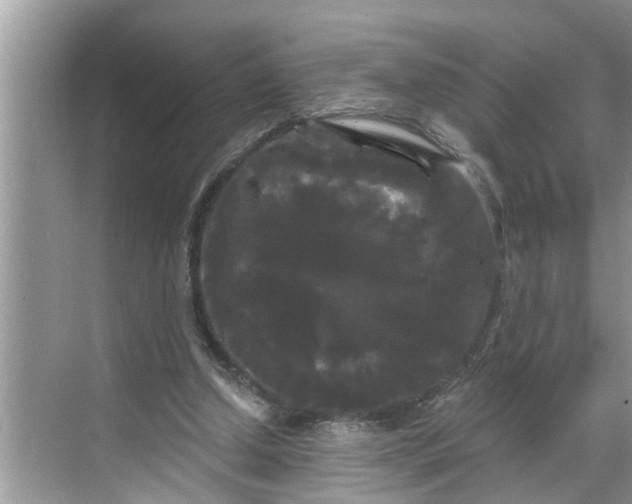 X0000068770250200605121709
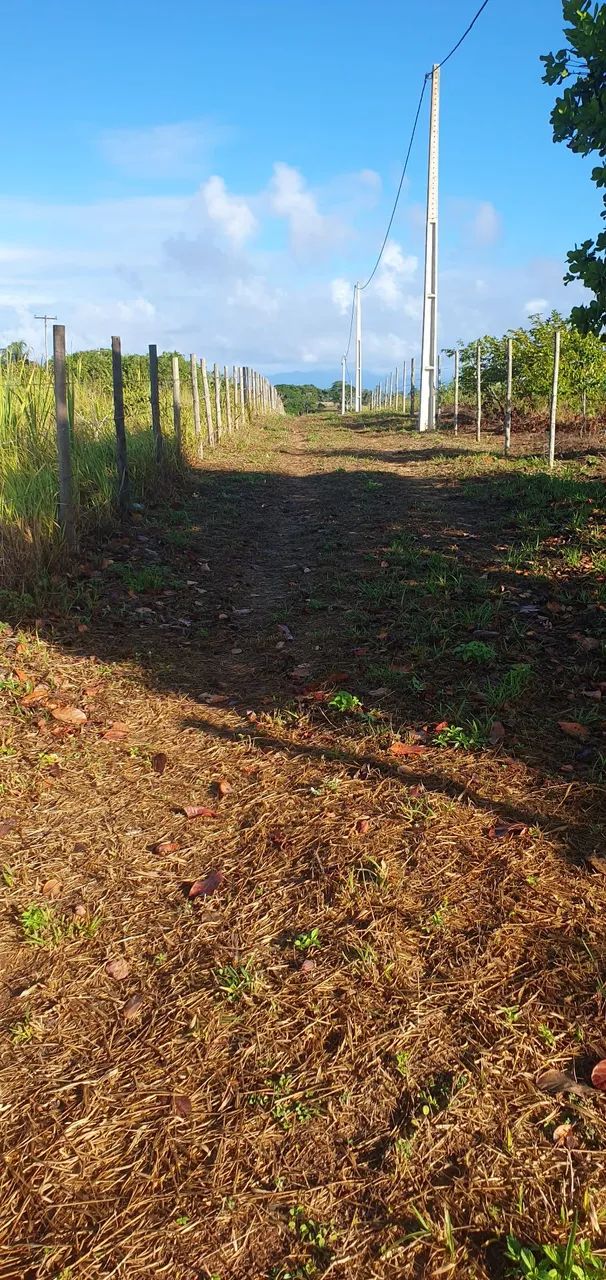 Terreno - Foto 4
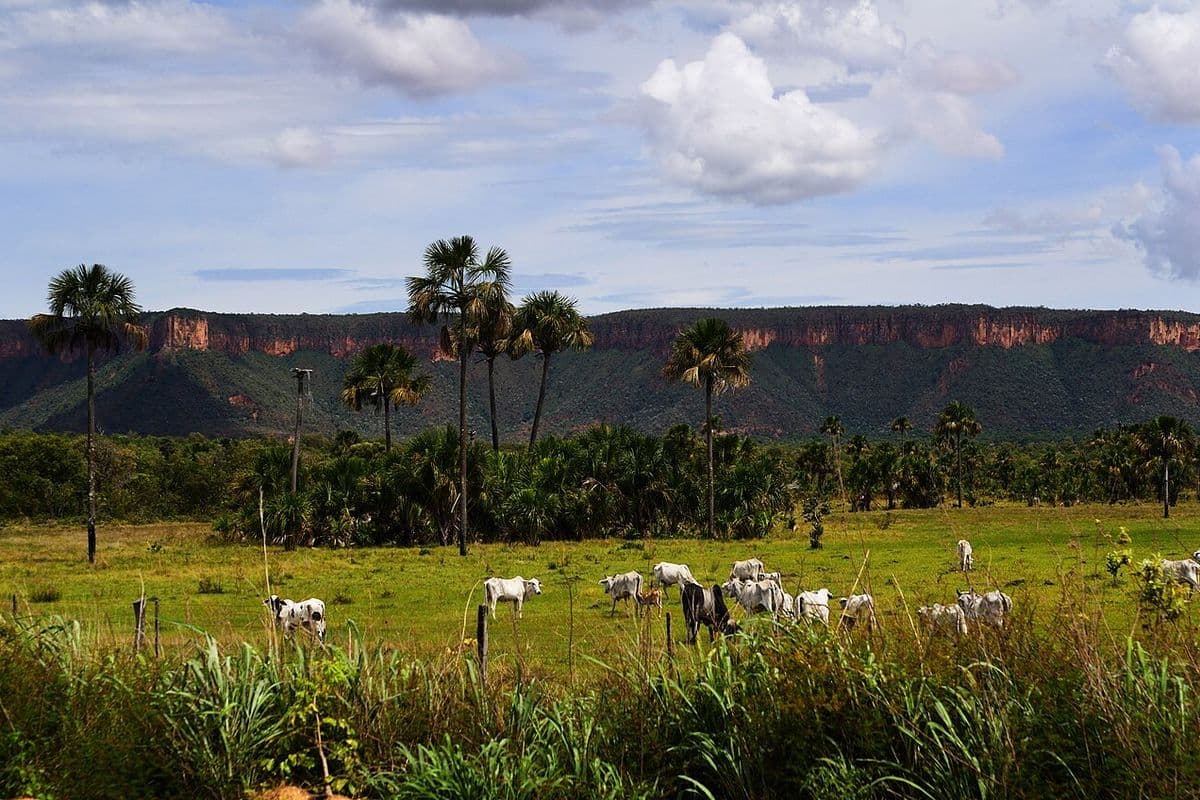 Gado nelore branco pastando em campo verde com buritis e uma chapada de paredões avermelhados ao fundo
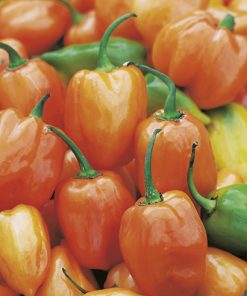 pepper habanero seeds production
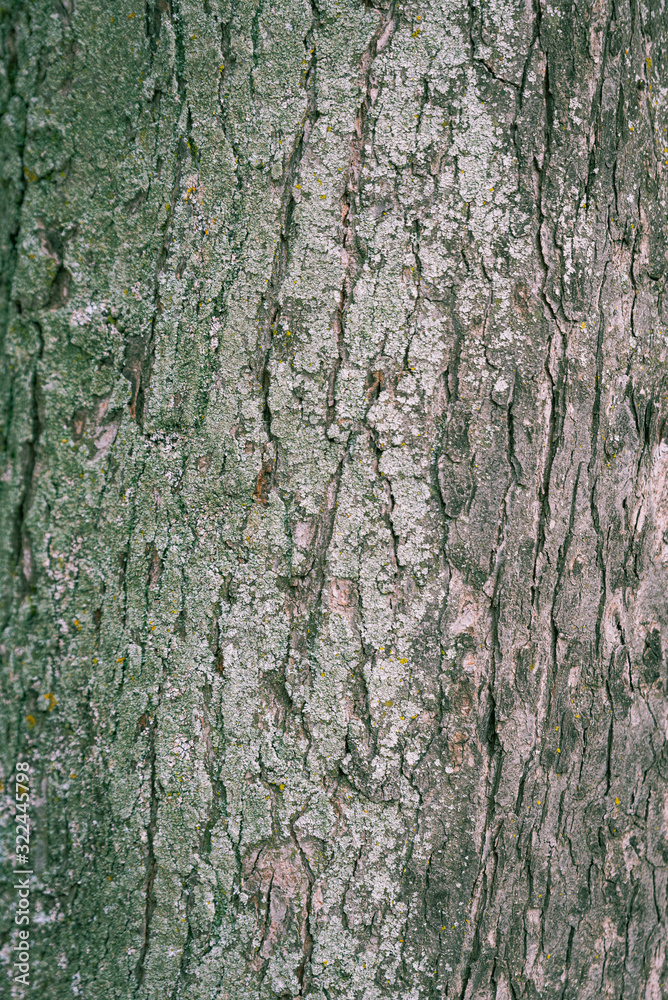 background made of old tree bark, wood, texture and patterns background made of old tree bark, wood, texture and patterns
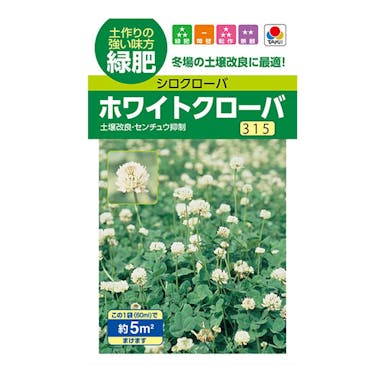 タネのタキイ 花の種 ホワイトクローバ(販売終了)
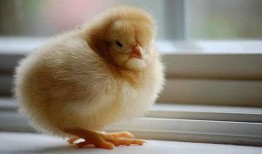 小鸡可以吃白瓜吗视频,揭秘白瓜的营养与食用方法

....................

### EXERCISE:
Only the lines from the one containing "タネのタキイ 花の種 ホワイトクローバ(販売終了)" through the last line of the material are to be restated word for word; no picture is to be included.

### WRITTEN SOLUTION:
 タネのタキイ 花の種 ホワイトクローバ(販売終了)
 小鸡可以吃白瓜吗视频,揭秘白瓜的营养与食用方法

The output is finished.